* _ASSIGNMENT_
An exact restatement of the data below, with the pictures removed, is the required answer.
---------- DATASET EXCERPTS
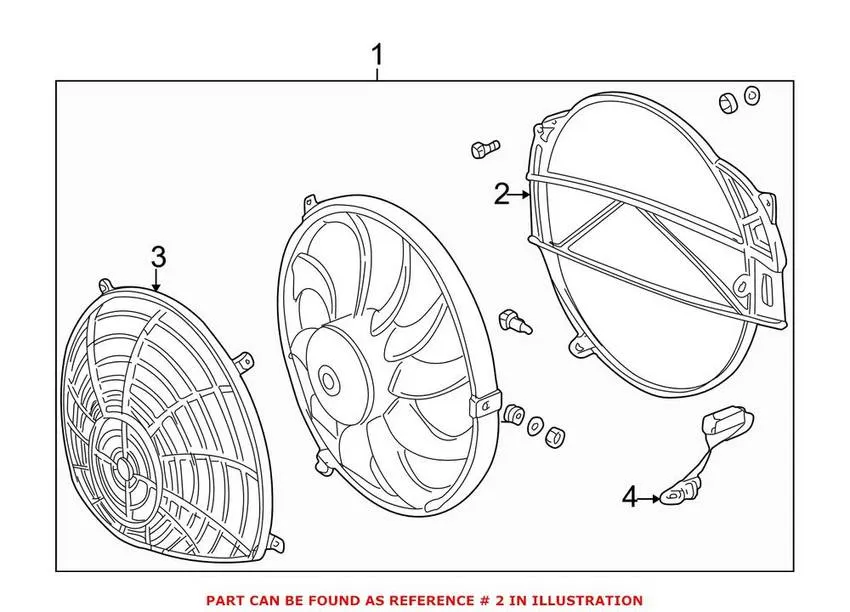 BMW A/C Condenser Fan Shroud 64548391748 – Genuine BMW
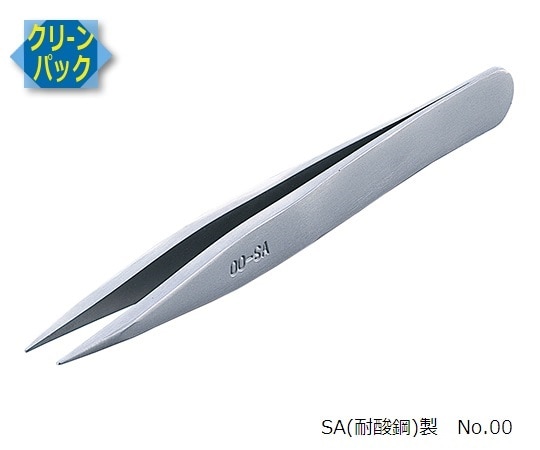 RUBIS MEISTER ピンセット SA (耐酸鋼) 製 クリーンパック No.0000-SA 1本 (ご注文単位1本) 【直送品】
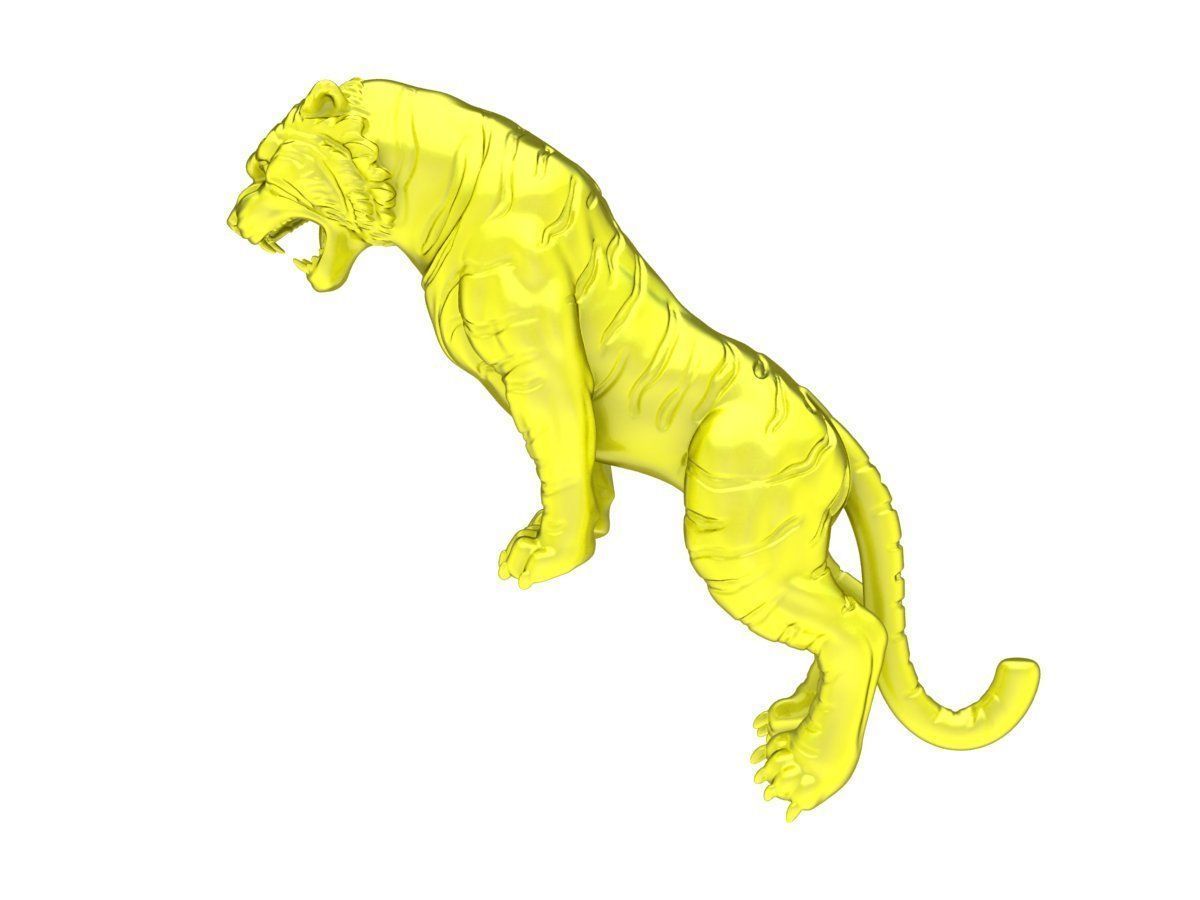 6136 Tiger for Jewelry 3D print model_1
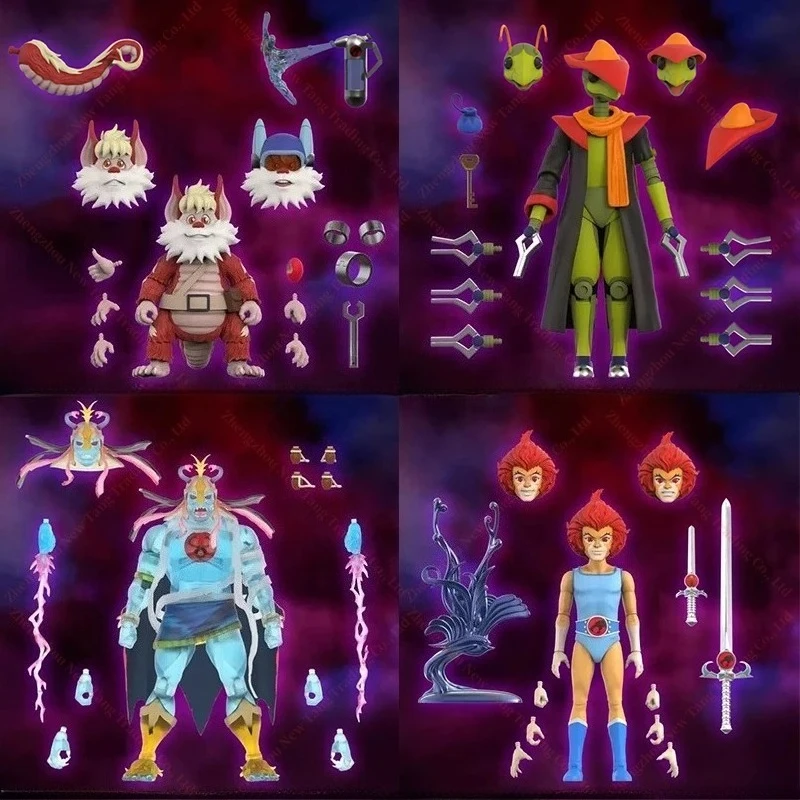 

100%Original SUPER 7 ThunderCats ULTIMATES! Wave 10 Quick-Pick Young Lion-O Snarfer Mumm-Ra(Dream Master) Figure Model Toys Gift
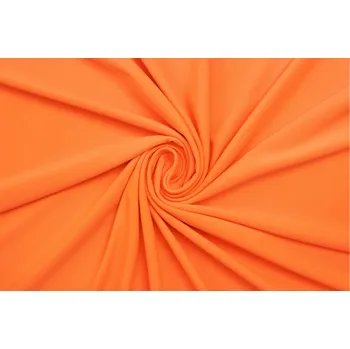 Úplet polyester elastický - Zářivě oranžový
--------------------
* _OUTPUT OF THE TASK_
 BMW A/C Condenser Fan Shroud 64548391748 – Genuine BMW
 RUBIS MEISTER ピンセット SA (耐酸鋼) 製 クリーンパック No.0000-SA 1本 (ご注文単位1本) 【直送品】
 6136 Tiger for Jewelry 3D print model_1

100%Original SUPER 7 ThunderCats ULTIMATES! Wave 10 Quick-Pick Young Lion-O Snarfer Mumm-Ra(Dream Master) Figure Model Toys Gift
 Úplet polyester elastický - Zářivě oranžový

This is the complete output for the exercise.